Bayfield and McMoon are predators feasting on an upper-class twit. But they’re sympathetic, too. That’s not a contradiction. The film understands people who struggle to contain big, rickety worlds held together by scotch tape and bubblegum (and lots of money). Everything about and in the film is a tightrope act. Streep throws herself into the role of a talentless idiot, but she gives Jenkins a girlishness that’s endearing, even when she’s doing what looks like a dire interpretive dance in front of a house stocked with snickering drunks, trying not to let their laughs overpower her singing.

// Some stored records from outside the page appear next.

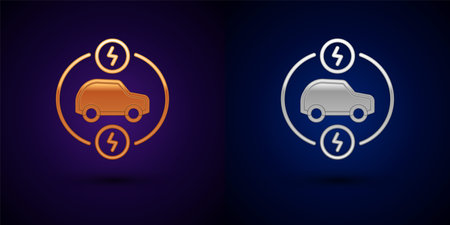 Gold and silver Electric car and electrical cable plug charging icon isolated on black background. Renewable eco technologies. Vector.のイラスト素材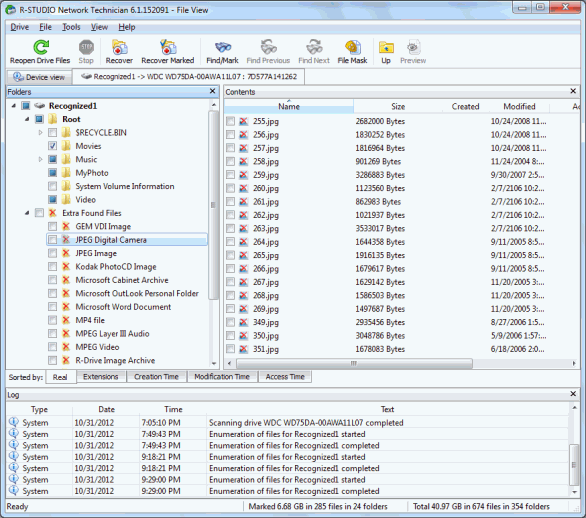 Zusätzlich gefundene Dateien in Partition Recognized1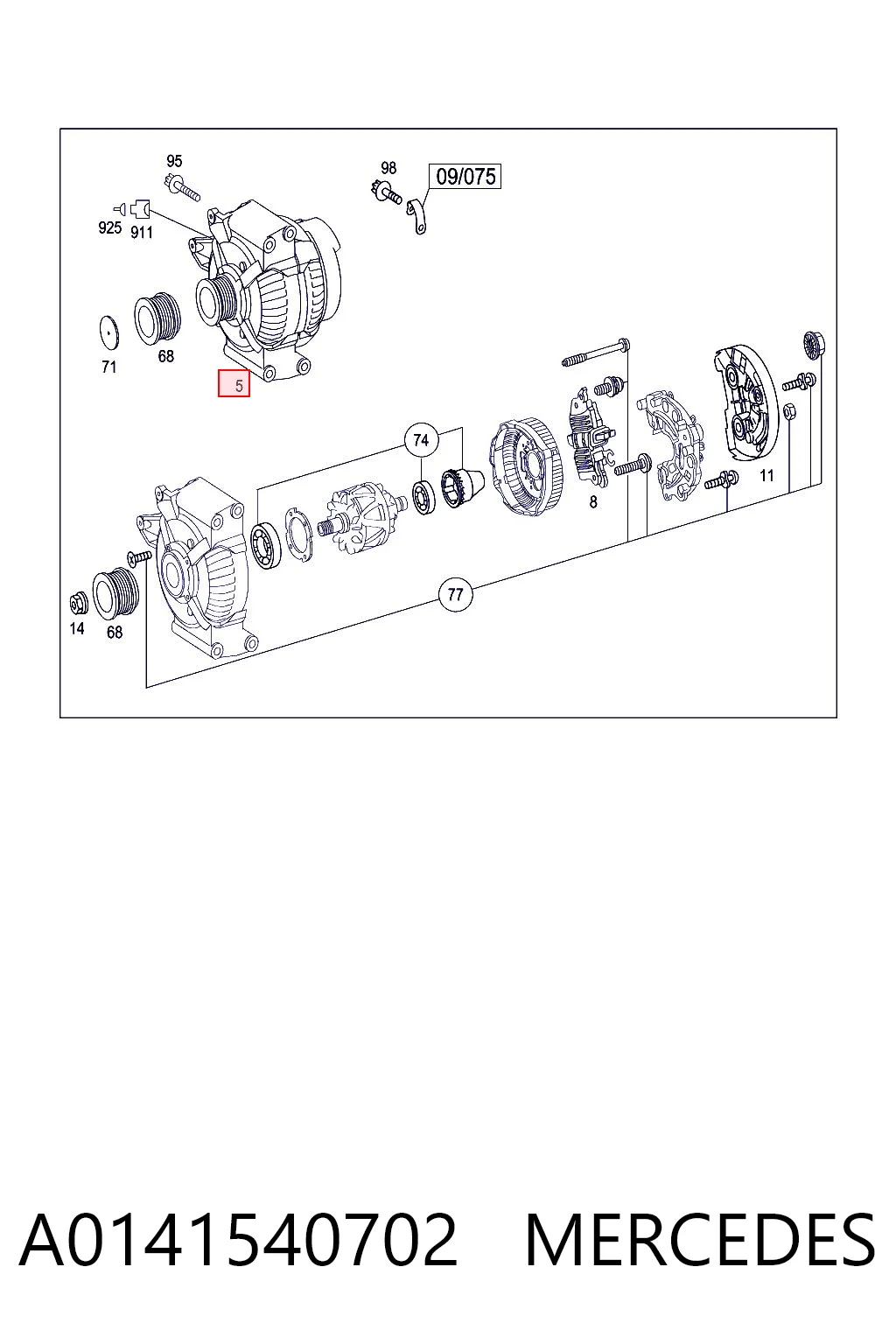 A0141540702 Mercedes Alternator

The movie, though, is owned by Grant. As Bayfield, he’s in enjoyably smirking jerk mode: dressing down flummoxed naysayers with precision; charming critics as he bribes them for fawning write-ups; deviously filling her shows with “music lovers” (aka, shnooks grabbed off the street). Unlike Jenkins, though, he has the curse of self-awareness. He knows the jig is up when her time is, too, and you can see strains of panic in his every dastardly move, hear it in every razor-sharp one-liner. Frears directs this as a light comedy, and a good third of the images are groaning close-ups of people in various states of shock at what they’re hearing. But if it plays as lampoon of a triumph-of-the-human-spirit picture, it’s also a sad lament for life’s losers, who are probably closer to us than most of the winners.